I hav been here for almost 10 yrs still not getting PR ( uncertain)..... spending thousands of $$ for fees, taxes and expense to survive here for family and kid....how unfair it is mostly students came here for ofcourse PR.. and Internation students are Golden chickens for Govt to lure for PR, and by end of their study they changed SOL or IELTS requrement or state spons rules...They genuinely wana stay here for best future..

while, at the same time, I saw lot of ozi who just dont wana work and sit llazy and depend on welfare payment.. How its unfair for that...same thing with 457 immigrants..

Is this Aus value who welcome refugee( produced many kids) and kickked of skilled people who contribute gud things, paying taxes for this country....

Its unfair and playing dirty games wid all immigrants....Howmany times they wana prove their english level since before enter in this contry..

Ofcourse govt wants money with selfish attitute from immigrant as PM said this country rely on only immigrants..
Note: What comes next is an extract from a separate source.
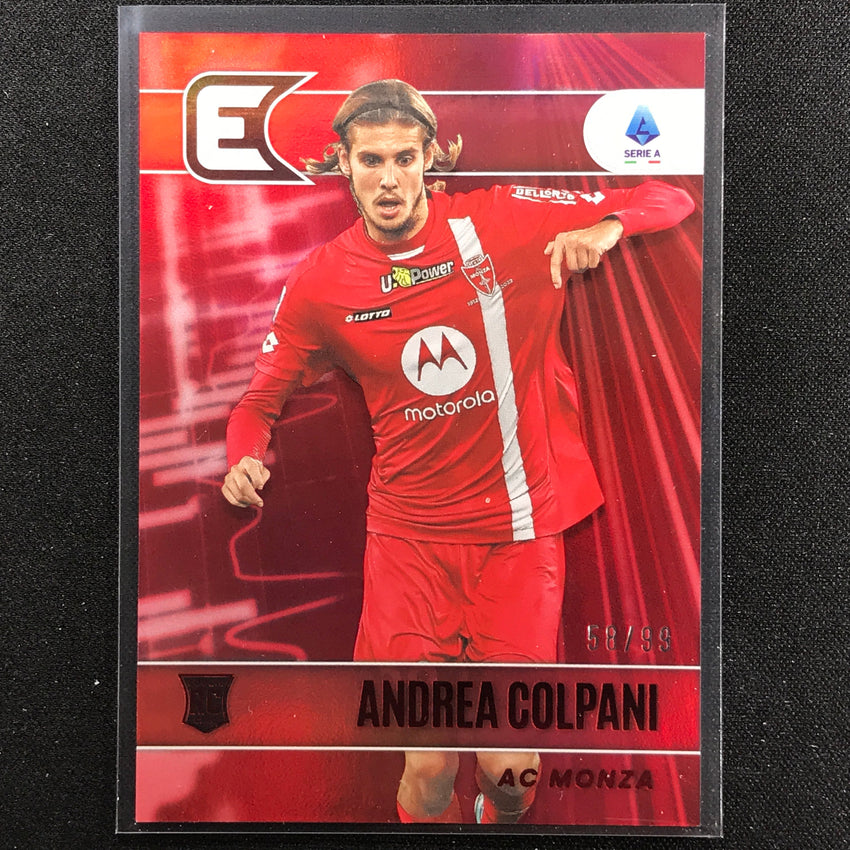 2022-23 Chronicles Serie A Andrea Colpani Essentials Rookie Red 58/99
Anyway never come on thiis country on Student visa or any other apart from direct PR..


----------



## zaback21 (Jan 18, 2017)

jayptl said:


> I hav been here for almost 10 yrs still not getting PR ( uncertain)..... spending thousands of $$ for fees, taxes and expense to survive here for family and kid....how unfair it is mostly students came here for ofcourse PR.. and Internation students are Golden chickens for Govt to lure for PR, and by end of their study they changed SOL or IELTS requrement or state spons rules...They genuinely wana stay here for best future..



Universities didn't advertise saying come to Australia, we will give you PR. If you came here for study and not for PR, you would have no reason to be disappointed. And no one forced you to spend money for Australia. You paid taxes as millions of other Aus paid taxes, you are not different. It's their country and they have every right to decide what they want. As Aus PM said *It is a privilege and not a right*. That's the problem of some intending immigrants.
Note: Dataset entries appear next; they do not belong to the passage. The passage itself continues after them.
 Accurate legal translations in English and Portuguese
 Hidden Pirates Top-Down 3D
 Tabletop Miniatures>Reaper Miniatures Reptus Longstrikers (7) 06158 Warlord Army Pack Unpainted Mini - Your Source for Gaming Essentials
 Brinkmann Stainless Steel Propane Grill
> while, at the same time, I saw lot of ozi who just dont wana work and sit llazy and depend on welfare payment.. How its unfair for that...same thing with 457 immigrants..


It's their country and they will decide if they want to support lazy Aussies, it's not you to say what they will do to their citizens. 457 was abused. In SA the unemployment is over 20% (considering people who don't seek job). Many Aussies and PR can't find jobs cos restaurant work, beauty salon manager, hairdresser jobs are being filled with 457.
Some lazy people don't define a whole country. There are lazy people all over the world in every countries.



> Is this Aus value who welcome refugee( produced many kids) and kickked of skilled people who contribute gud things, paying taxes for this country....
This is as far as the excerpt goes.